Machine Theory of Mind

In lab meeting last week, we read Machine Theory of Mind, a recent paper from Neil Rabinowitz and his collaborators at DeepMind & Google Brain (a trimmed version of the paper was presented at ICML 2018). Here, Theory of Mind (ToM) is broadly defined as the ability to represent the mental states of others. This paper aims to demonstrate ToM in an artificial agent. While designing & training such an agent constitutes one challenge, the authors must first devise a scenario in which ToM can be convincingly shown. Inspired by the Sally-Anne test — a classic test of ToM from developmental psychology that evaluates whether a child understands that others can hold false beliefs — the authors construct an analogous test, then train an agent to successfully pass it.

The paper is composed of a series of experiments that build in complexity to this final test. Within each experiment are three key parts. First, the environment: a simple 11×11 grid-world containing walls and 4 colored boxes that are all randomly located within each new world. Second, the agents: an individual agent belongs to a particular “species” according to its policy for acting within an environment. Agents can behave randomly, algorithmically, or with a learned policy (via deep RL). The trajectory of a particular agent within a particular environment constitutes an episode. Reward within an episode is generally maximized by navigating to a box of a particular color as fast as possible. However, limitations on the sightedness and statefulness of the agents, as well as the inclusion of more complex subgoals, are adjusted per the needs of each experiment. Finally, the observer: a meta-learning agent, called ToMnet, that parses the episodes of many agents in many environments so as to learn a prior over the behavior of an agent species. At test time, ToMnet uses a novel agent’s recent episodes & its trajectory on a current episode thus far to infer a posterior and make predictions regarding the agent’s future behavior.

From Figure 4 in the paper. (a) An example environment. The red arrows represent the trajectory of a goal-driven agent on a previous episode. (b) A new environment, but the same agent as in (a). Using a prior learned over the agent’s species (e.g., agents of this species seek to consume a box of a specific color) in combination with this agent’s past episodes (e.g., this agent consumed a green box), ToMnet is tasked with predicting the agent’s future behavior. (c) For the new environment in (b), ToMnet outputs the next predicted action (go right) and the predicted color of the box that will eventually be consumed (green). (d) ToMnet also predicts the agent’s successor representation.
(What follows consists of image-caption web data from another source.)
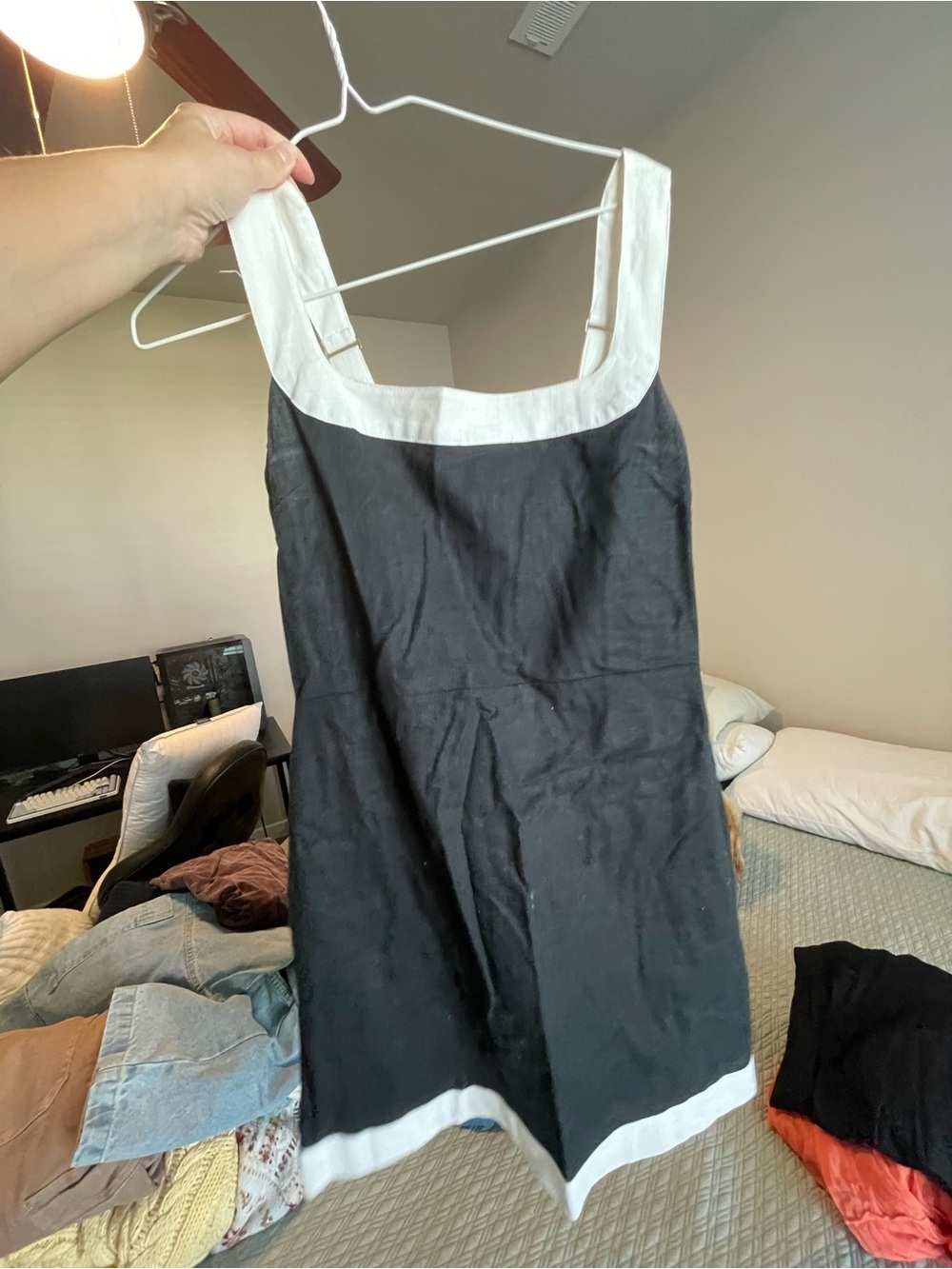 Abercrombie & Fitch Black Linen Dress with White Trim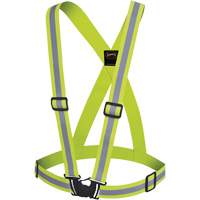 5497 Safety Sash, High Visibility Lime-Yellow, Silver Reflective Colour, One Size Duraquip Inc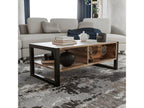 105 x 40 x 55 cm Coffee Table Wood Metal Black
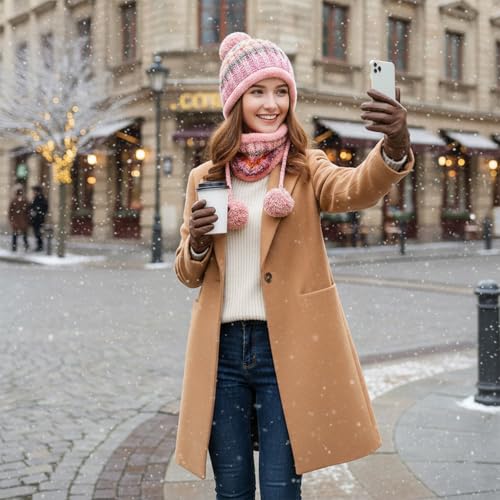 HUAMULAN Women Winter Knit Beanie Hat Circle Scarf Set Pompoms Ear Flaps - color: Pink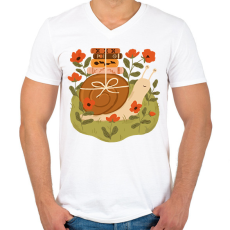 PRINTFASHION Csiga könyvekkel - Férfi V-nyakú póló - Fehér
To probe ToM in ToMnet, the authors introduce a species of agent with both a limited field of view and a subgoal. For example, an agent that can only see the squares adjacent to it must first navigate to a “star” in the grid-world before finally navigating to the blue box to achieve maximum reward. In certain environments, the agent passes the blue box early in its initial search and so knows directly where to go after finding the star, even if the blue box is not visible to the agent from the star’s location. The test comes when the experimenter now swaps the locations of the boxes while the agent is on the star and the boxes are out of view. While the agent is blind to the swap, ToMnet is not. And so, the analogous Sally-Anne test arises: Will ToMnet not recognize that the swap occurred outside of the agent’s field of view, and thus mistakenly predict that it will move toward the new location of the blue box? Or, will ToMnet recognize that the agent maintains the false belief that no swap has occurred, and thus correctly predict that it will move toward the old location of the blue box?

ToMnet predicts behavior reflecting the agent’s false belief, successfully passing the test. Importantly, this finding is supplemented with results that show that ToMnet is sensitive to how different fields of view make an agent “differentially vulnerable to acquire false beliefs,” and that ToMnet still passes the test even if it had never seen swap events during training. Thus, ToMnet “learns that agents can act based on false beliefs,” providing a compelling proof-of-concept for Machine Theory of Mind.